At block 620, a loss threshold may be obtained. At block 630, multiple variants of the training data point may be obtained. In these and other embodiments, the variants may include visual variants and/or audio variants. The visual variants may include rotations of the training data, translations of the training data, a shearing of the training data, zooming of the training data, changing a brightness of the first training data point, changing a contrast of the first training data point, and/or other variations of a training data point. The audio variants may include speed-based perturbations of speech in the training data, adding background noise to the training data, tempo-based perturbations of the training data, and/or other variations of a training data point.
At block 640, a loss determination may be performed with respect to each variant. In some embodiments, the loss determination may include determining a loss of the deep neural network model when provided each variant as an input. Each loss may be determined based on a predicted probability that a predicted class of a variant matches the class for the training data point. At block 650, a maximum loss of the determined losses may be identified.
At decision block 660, the method 600 may determine whether the maximum loss is less than the loss threshold. In response to the maximum loss being less than the loss threshold (“Yes” at decision block 660), the method 600 may proceed to block 670, where the training data point is determined as being robust. In response to the maximum loss being greater than or equal to the loss threshold (“No” at decision block 560), the method 600 may proceed to block 680, where the training data point is determined as being not robust. The method 600 may return to block 610 after block 670 and block 680.
Modifications, additions, or omissions may be made to FIG. 6 without departing from the scope of the present disclosure. For example, the method 600 may include more or fewer elements than those illustrated and described in the present disclosure.
FIG. 7 is a flowchart of an example method 700 of training a deep neural network model. The method 700 may begin at block 705, where a deep neural network model may be obtained. At block 710, the method 700 may include beginning a training epoch. At block 715, a training data point may be obtained. At decision block 720, the method 700 may include determining whether the training data point was determined as being robust in one of the previous k training epochs. In some embodiments, “k” may represent any integer. For example, in some embodiments, k may be 0, 1, 2, 5, or any other number. Alternatively, in some embodiments, the method 700 may include determining whether the training data point was determining as being robust in a previous training epoch.
In response to the training data point being determined as being robust in one of the previous k training epochs (“Yes” at decision block 720), the method 700 may proceed to block 735. In response to the training data point being determined as being not robust in one of the previous k training epochs (“No” at decision block 720), the method 700 may proceed to block 725. At block 725, the method 700 may include determining whether the training data point is being robust. In some embodiments, the method 700 may employ a method similar to that discussed above with reference to FIGS. 5 and/or 6 to determine whether the training data point is being robust. Alternatively, in some embodiments, the method 700 may employ a different method to determine whether the training data point is being robust.

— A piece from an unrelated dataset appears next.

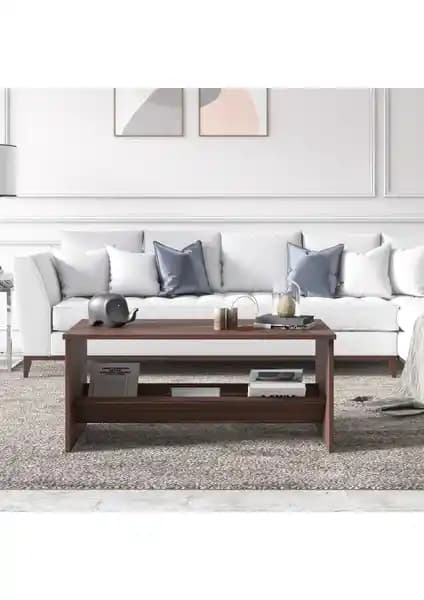 Doğtaş Terna Orta Sehpa: Modern Tasarım ve Fonksiyonellik Bir Arada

In response to the training data point being determined as being robust (“Yes” at decision block 725), the method 700 may proceed to block 735. In response to the training data point being determined as being not robust (“No” at decision block 725), the method 700 may proceed to block 730.

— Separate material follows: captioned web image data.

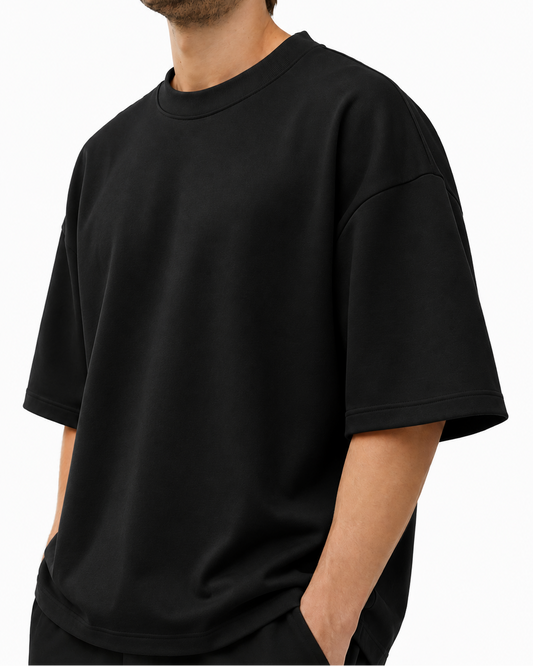 Heavyweight Drop-Shoulder Tee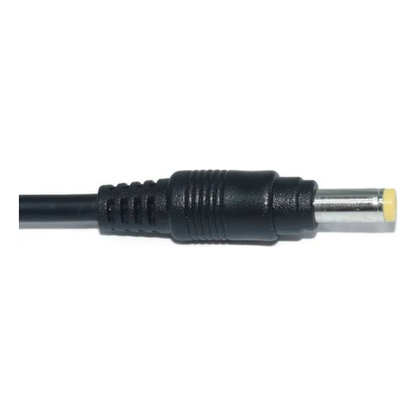 Cargador de Laptop GENERICO 65W AC-HP Punta Amarilla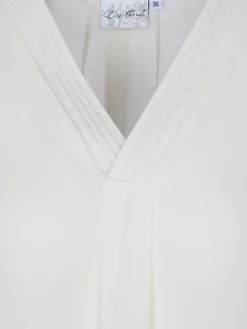 Damen Lisa Tossa Damen Chiffonbluse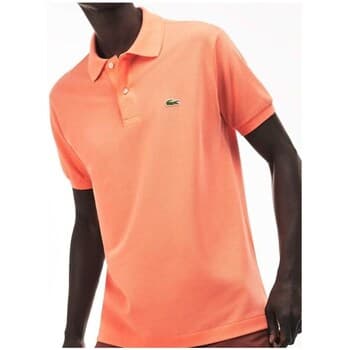 Lyhythihainen t-paita Lacoste  D121200NU1  EU XS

At block 735, the training data point may be augmented with one or more variants of the training data point. At block 740, the deep neural network model may be trained using the augmented training data point. At block 735, the deep neural network model may be trained using the training data point. After block 735 or block 740, the method 700 may proceed to decision block 745. Training the deep neural network model may include a forward propagation and a backward propagation over the training data point and/or the augmented training data point. In some embodiments, the deep neural network model may be trained using an algorithm to minimize a cross-entropy loss function over the training data.

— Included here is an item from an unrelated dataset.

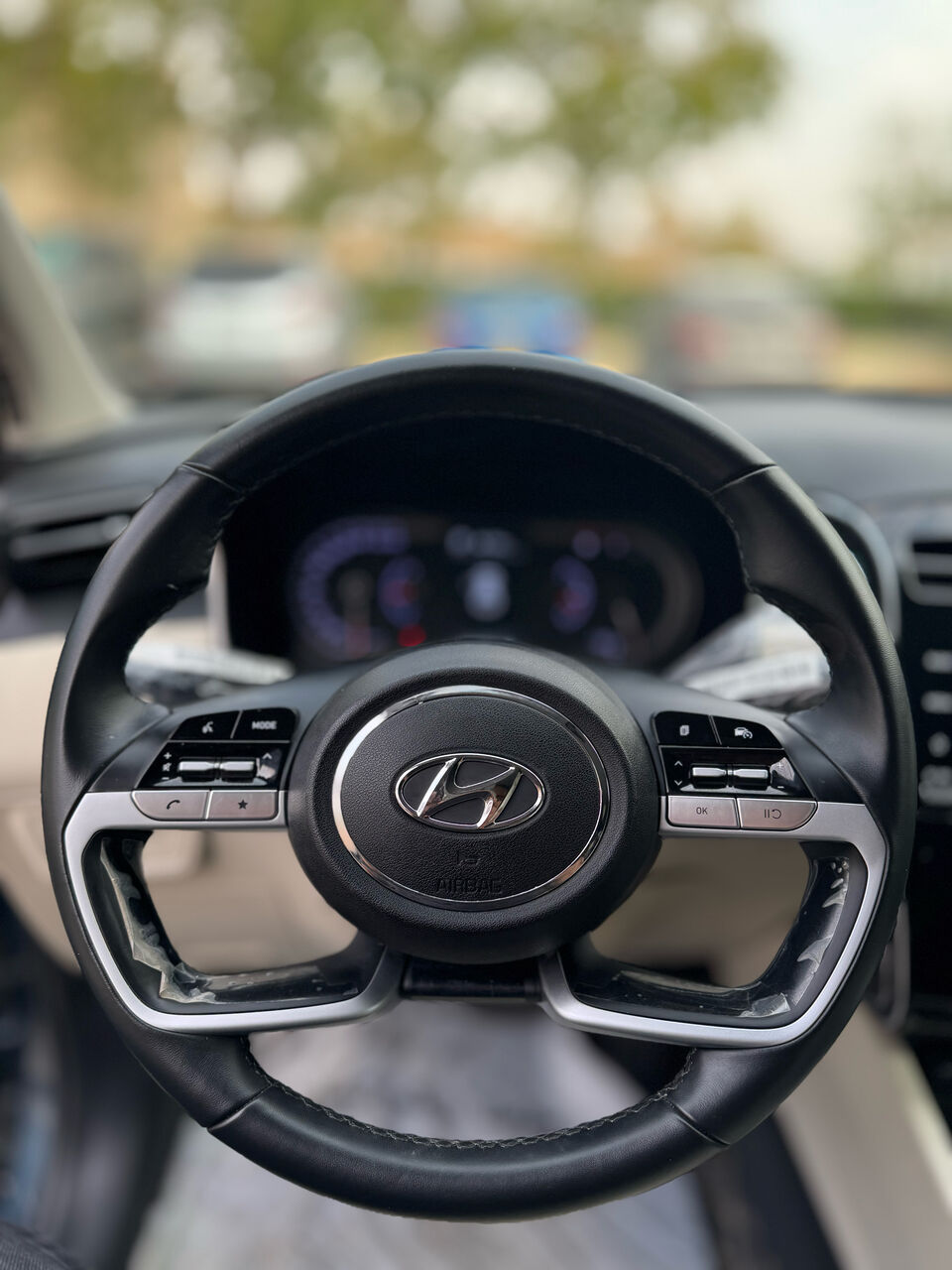 SAR 73,000 | Hyundai Tucson 2024 | Automatic | 3,600 KM | 2.0L | Excellent Condition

At decision block 745, the method 700 may determine whether there are additional training data points. In response to there being additional training data points (“Yes” at decision block 745), the method 700 may return to block 715. In response to there not being additional training data points (“No” at decision block 745), the method 715 may proceed to decision block 750. At decision block 750, the method 700 may determine whether there are additional training epochs. In response to there being additional training epochs, (“Yes” at decision block 750), the method 700 may return to block 710. In response to there not being additional training epochs (“No” at decision block 750), the method 700 may proceed to block 755. At block 755, training the deep neural network model may be complete.
Modifications, additions, or omissions may be made to FIG. 7 without departing from the scope of the present disclosure. For example, the method 700 may include more or fewer elements than those illustrated and described in the present disclosure.
FIG. 8 is a flowchart of an example method of reducing the training time of a deep neural network model. The method 800 may be arranged in accordance with at least one embodiment described in the present disclosure. The method 800 may be performed, in whole or in part, in some embodiments, by a system and/or environment, such as the environment 100 and/or the computer system 902 of FIGS. 1 and 9, respectively. In these and other embodiments, the method 800 may be performed based on the execution of instructions stored on one or more non-transitory computer-readable media. Although illustrated as discrete blocks, various blocks may be divided into additional blocks, combined into fewer blocks, or eliminated, depending on the desired implementation.
The method 800 may being at block 810, where a deep neural network model may be obtained. In block 820, a first training data point and a second training data point may be obtained during a first training epoch from a population of training data points for the deep neural network model. In block 830, a first robustness value of the first training data point may be determined based on a first accuracy of the deep neural network model with respect to variants of the first training data point. In some embodiments, the deep neural network model may be determined to be accurate with respect to variants of the first training data point based on predicted class determinations, based on loss determinations, and/or based on another determination.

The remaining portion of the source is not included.